Print, word for word, the line containing "XDDIAS 260lb Bumper" and all lines beneath it to the end of the entries below. Pictures do not belong in the copy.

[Stored records]
——
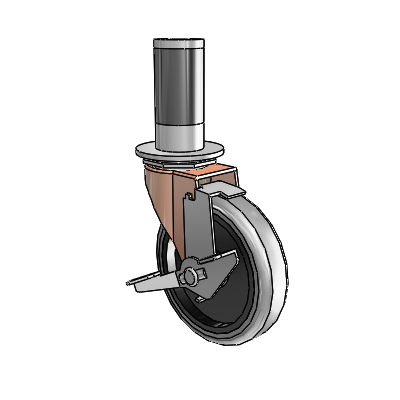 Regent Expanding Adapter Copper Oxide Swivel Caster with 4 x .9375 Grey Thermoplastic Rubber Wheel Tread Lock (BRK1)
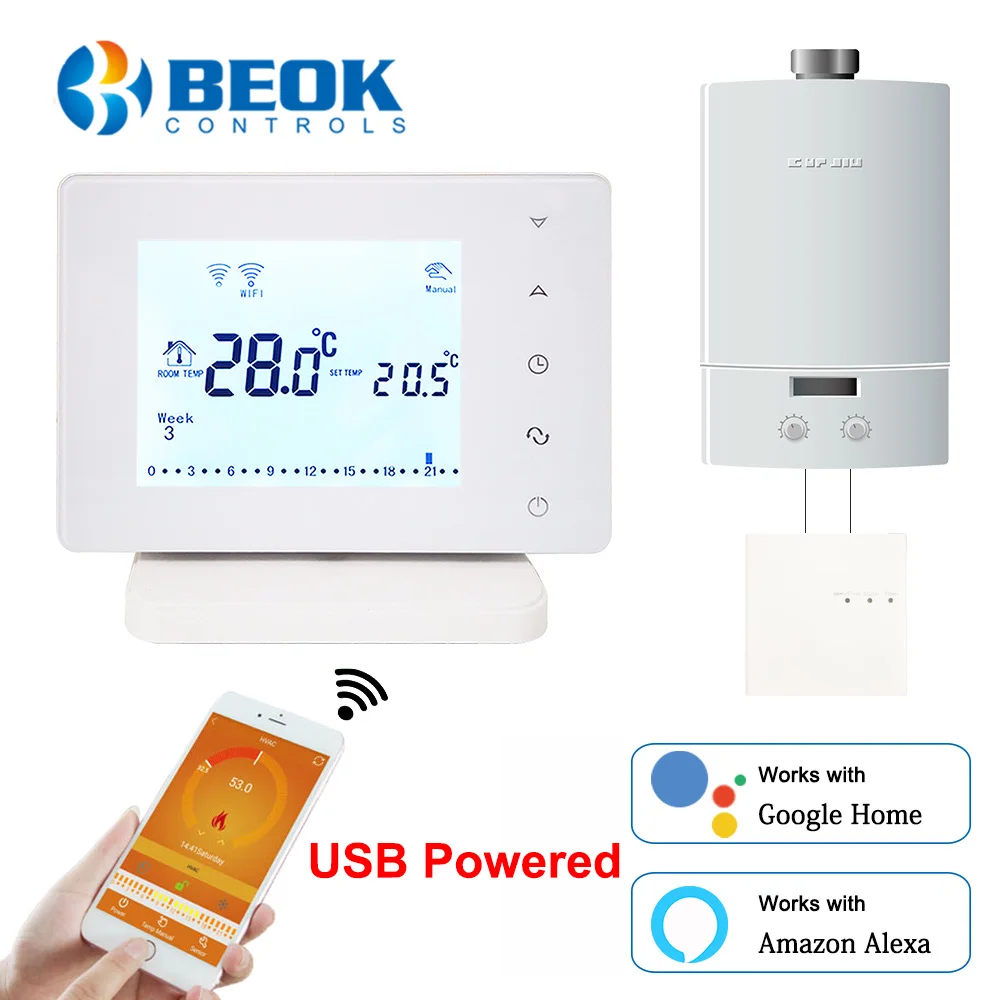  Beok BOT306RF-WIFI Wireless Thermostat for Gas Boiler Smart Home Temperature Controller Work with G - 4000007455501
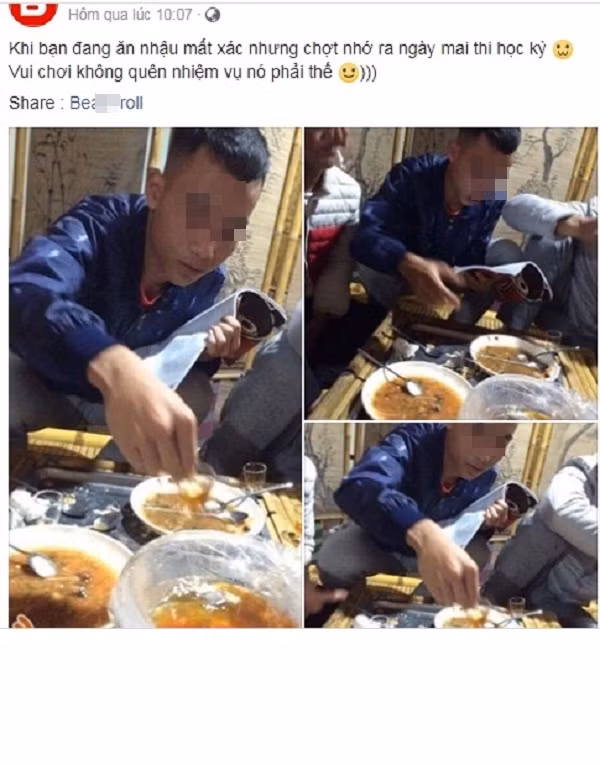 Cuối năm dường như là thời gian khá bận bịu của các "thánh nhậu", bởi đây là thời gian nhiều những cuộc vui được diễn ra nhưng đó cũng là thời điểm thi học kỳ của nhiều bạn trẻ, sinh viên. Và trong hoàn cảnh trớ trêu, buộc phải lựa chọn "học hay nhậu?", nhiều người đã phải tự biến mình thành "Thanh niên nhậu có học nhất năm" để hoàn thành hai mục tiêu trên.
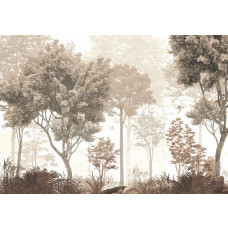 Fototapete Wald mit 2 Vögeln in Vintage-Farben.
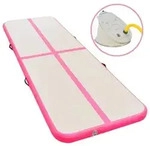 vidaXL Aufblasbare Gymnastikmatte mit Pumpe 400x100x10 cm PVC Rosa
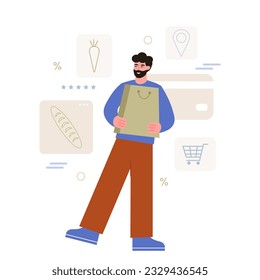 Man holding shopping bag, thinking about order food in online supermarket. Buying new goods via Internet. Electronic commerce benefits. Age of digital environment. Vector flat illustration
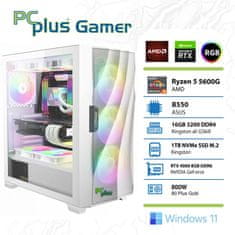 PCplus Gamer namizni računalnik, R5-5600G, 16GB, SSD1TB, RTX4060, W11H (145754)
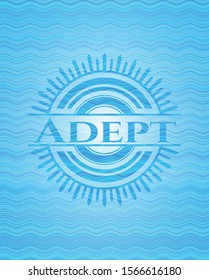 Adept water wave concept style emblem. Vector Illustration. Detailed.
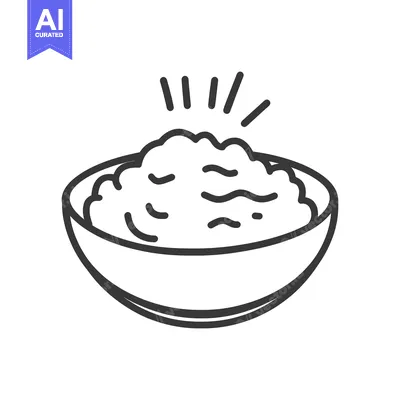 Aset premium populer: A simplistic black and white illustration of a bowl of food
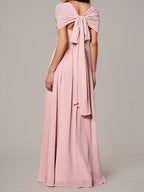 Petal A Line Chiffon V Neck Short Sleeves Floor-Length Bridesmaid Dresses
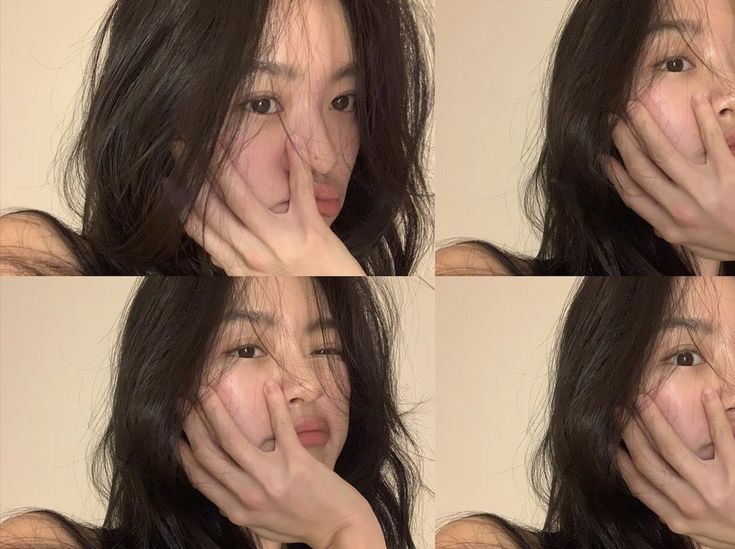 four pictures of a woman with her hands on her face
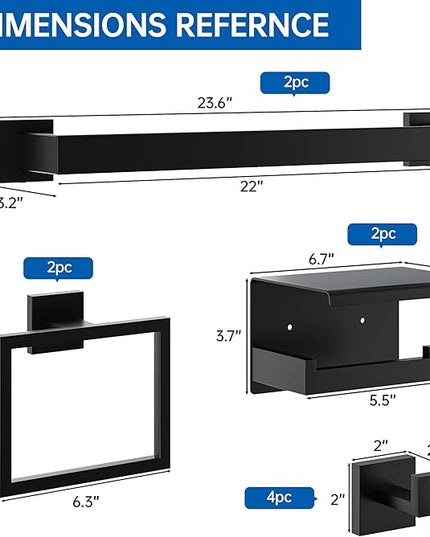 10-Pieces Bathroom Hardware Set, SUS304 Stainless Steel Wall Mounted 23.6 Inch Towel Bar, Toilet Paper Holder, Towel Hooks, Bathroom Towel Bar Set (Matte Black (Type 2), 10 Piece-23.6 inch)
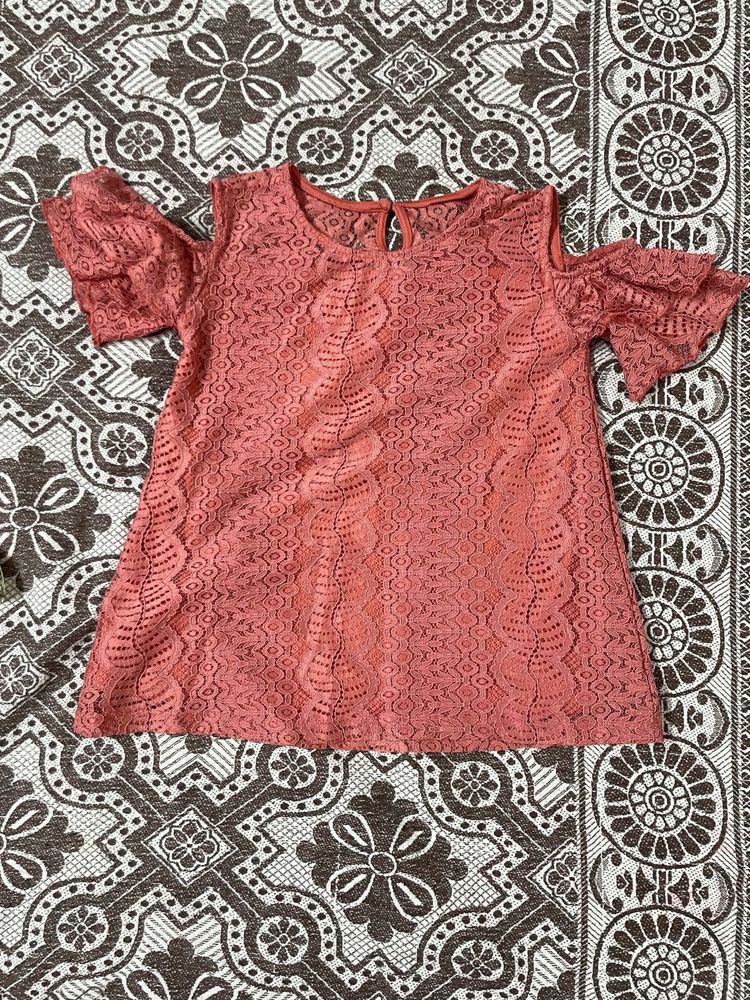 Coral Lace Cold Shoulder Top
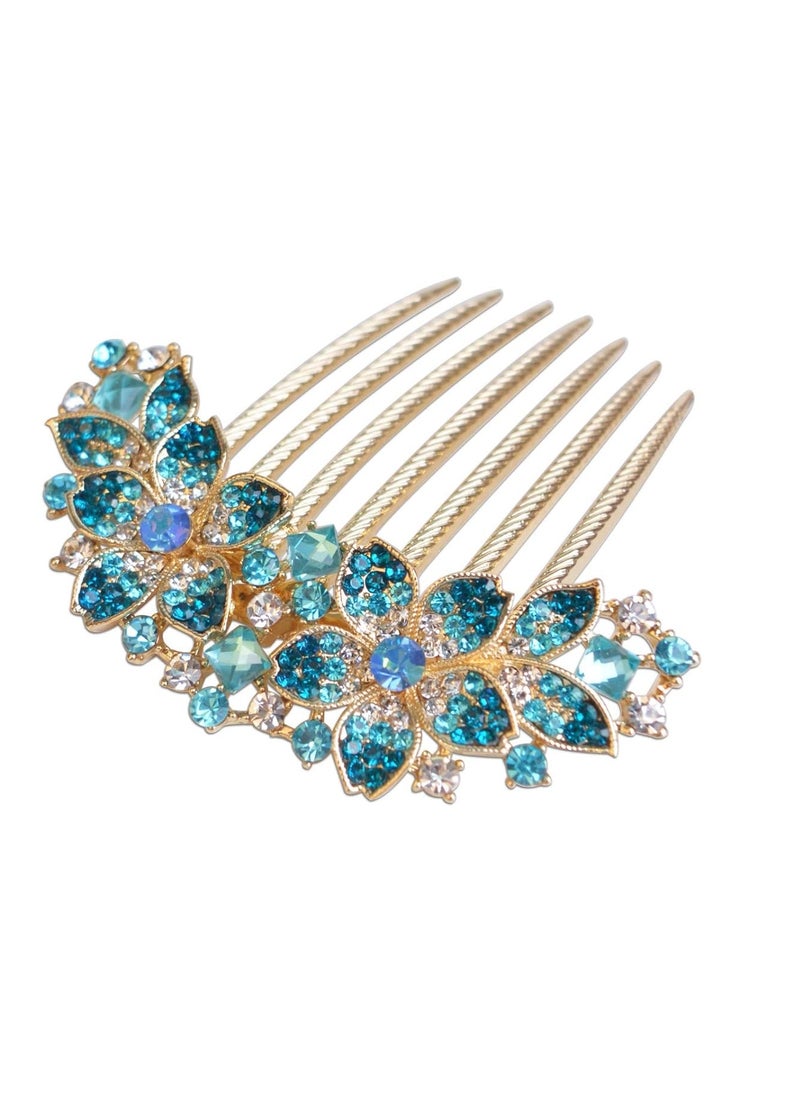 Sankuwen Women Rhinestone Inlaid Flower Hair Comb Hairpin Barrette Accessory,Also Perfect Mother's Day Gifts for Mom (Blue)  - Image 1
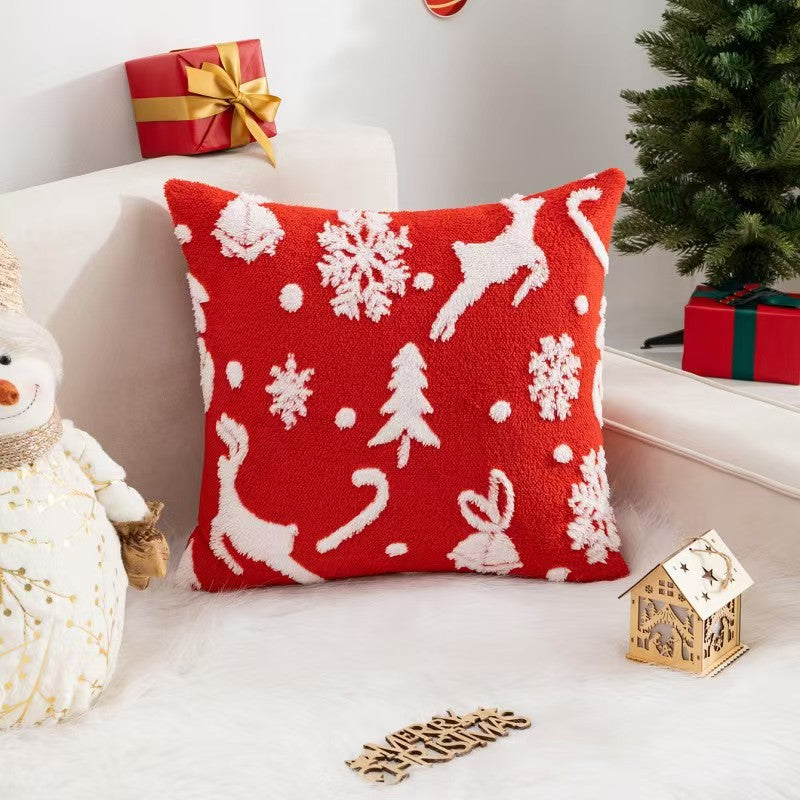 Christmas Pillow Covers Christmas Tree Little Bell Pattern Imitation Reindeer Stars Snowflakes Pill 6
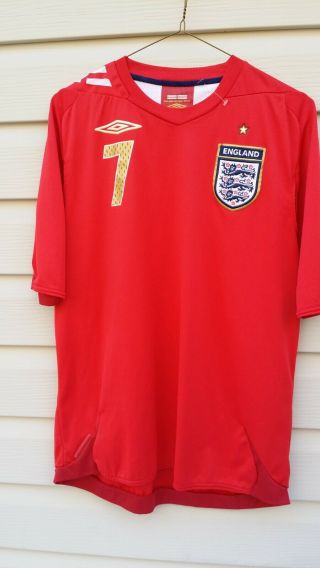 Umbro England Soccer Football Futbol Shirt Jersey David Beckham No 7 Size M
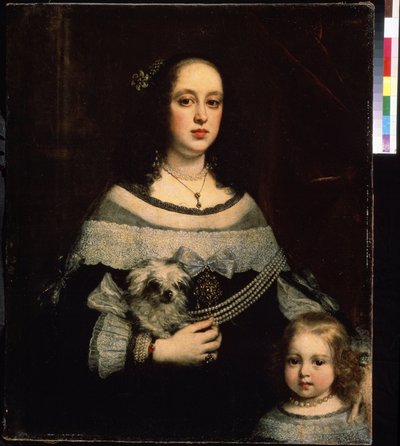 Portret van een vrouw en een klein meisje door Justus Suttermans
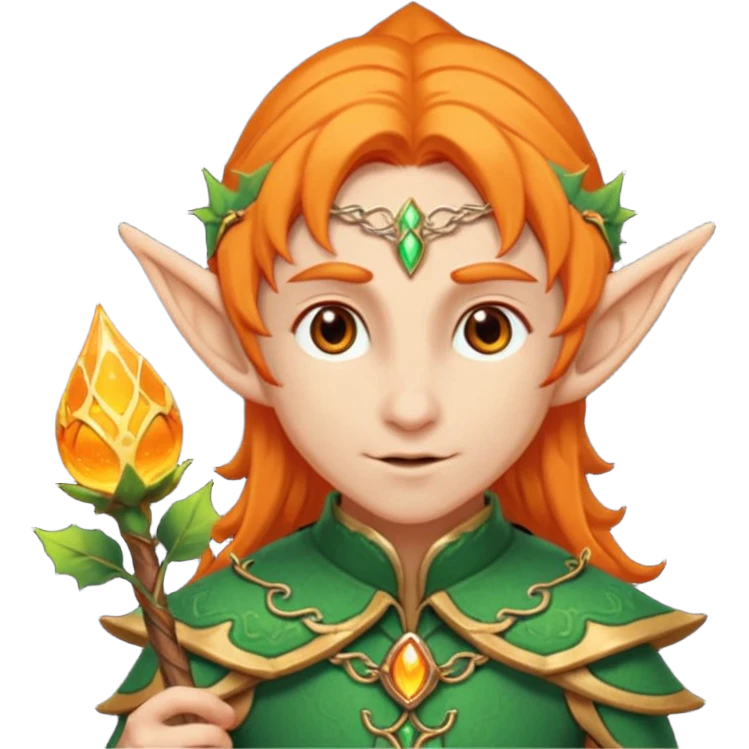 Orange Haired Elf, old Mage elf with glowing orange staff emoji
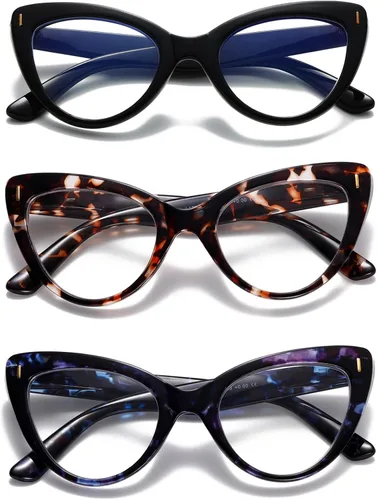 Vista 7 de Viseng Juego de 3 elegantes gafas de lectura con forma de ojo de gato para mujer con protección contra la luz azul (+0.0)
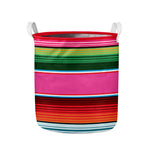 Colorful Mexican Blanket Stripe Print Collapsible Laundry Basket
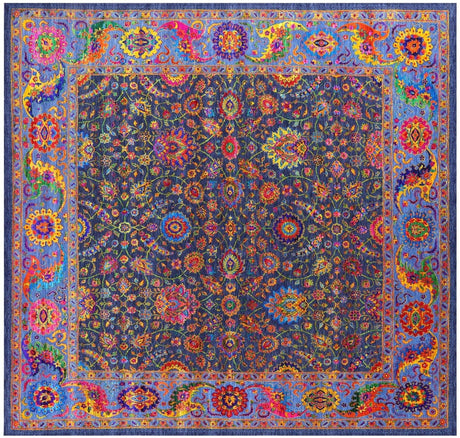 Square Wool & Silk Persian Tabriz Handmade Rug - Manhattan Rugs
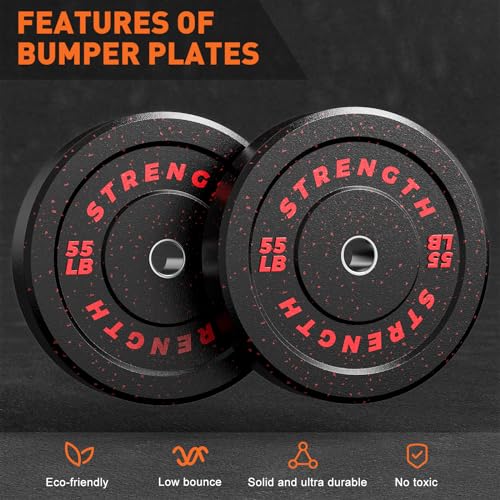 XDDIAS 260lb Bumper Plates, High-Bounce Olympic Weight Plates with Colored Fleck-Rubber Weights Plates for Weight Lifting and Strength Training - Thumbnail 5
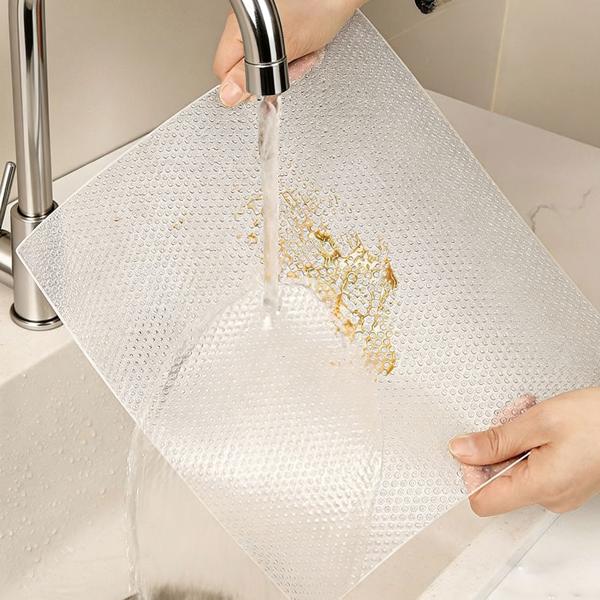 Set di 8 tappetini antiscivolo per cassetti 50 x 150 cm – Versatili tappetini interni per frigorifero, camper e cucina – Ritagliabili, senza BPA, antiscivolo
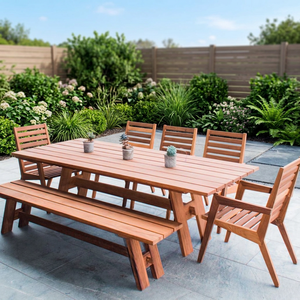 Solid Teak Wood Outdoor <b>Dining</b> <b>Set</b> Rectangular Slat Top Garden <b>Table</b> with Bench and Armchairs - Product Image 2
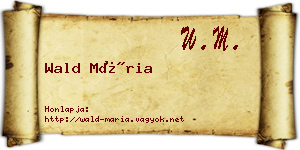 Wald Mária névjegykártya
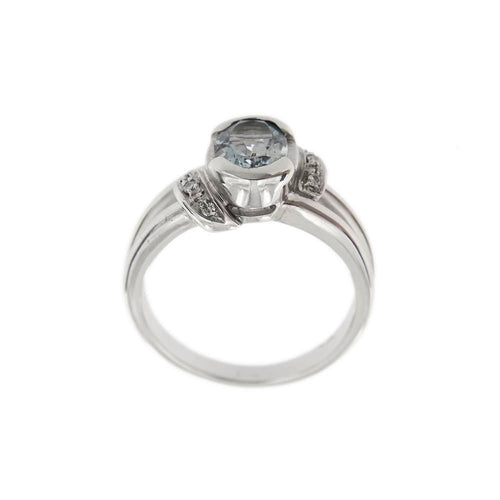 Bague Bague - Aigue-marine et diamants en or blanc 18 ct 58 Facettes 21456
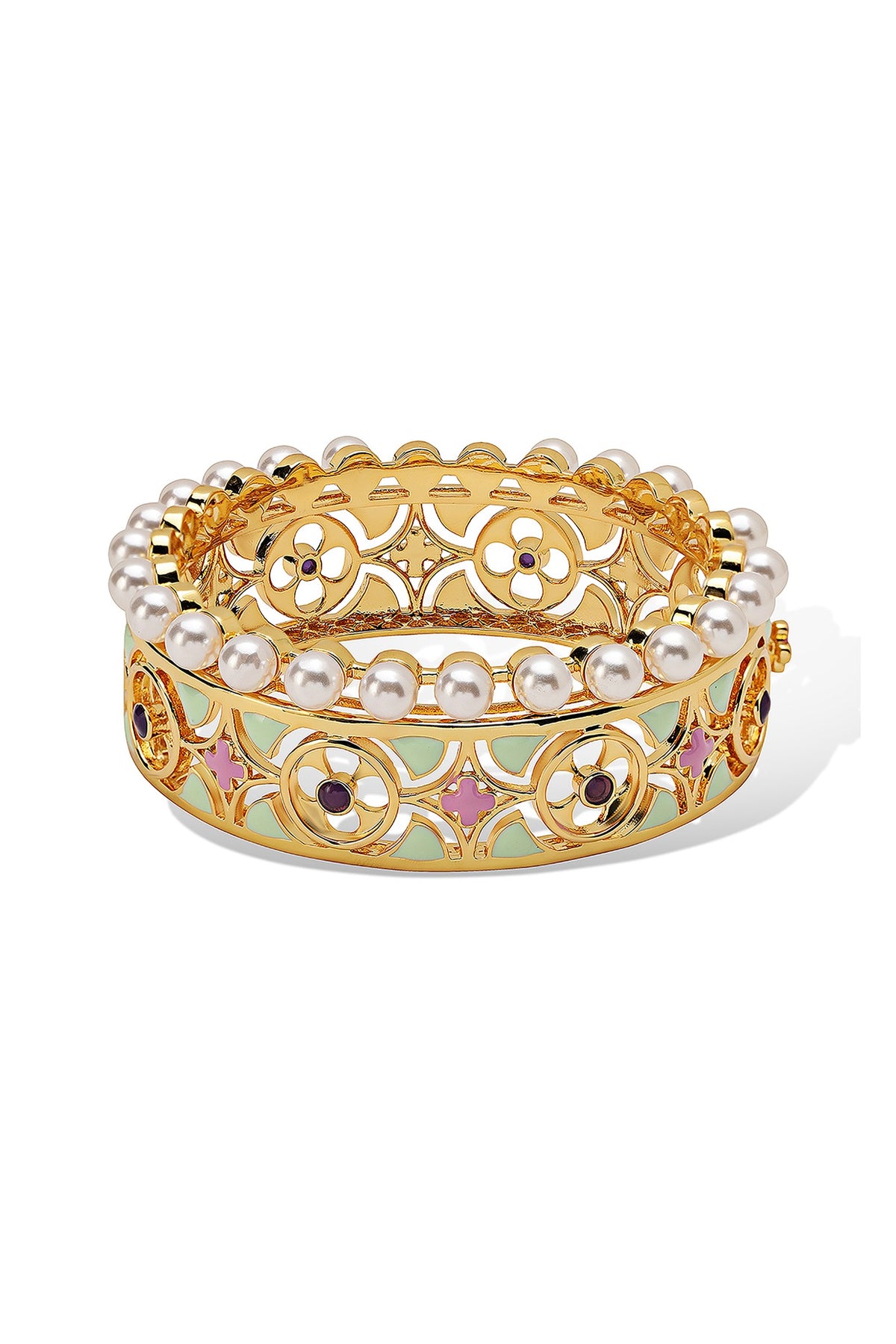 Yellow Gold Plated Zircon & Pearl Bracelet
——
Result below —
 XDDIAS 260lb Bumper Plates, High-Bounce Olympic Weight Plates with Colored Fleck-Rubber Weights Plates for Weight Lifting and Strength Training - Thumbnail 5
 Set di 8 tappetini antiscivolo per cassetti 50 x 150 cm – Versatili tappetini interni per frigorifero, camper e cucina – Ritagliabili, senza BPA, antiscivolo
 Solid Teak Wood Outdoor <b>Dining</b> <b>Set</b> Rectangular Slat Top Garden <b>Table</b> with Bench and Armchairs - Product Image 2
 Wald Mária névjegykártya
 Bague Bague - Aigue-marine et diamants en or blanc 18 ct 58 Facettes 21456
 Yellow Gold Plated Zircon & Pearl Bracelet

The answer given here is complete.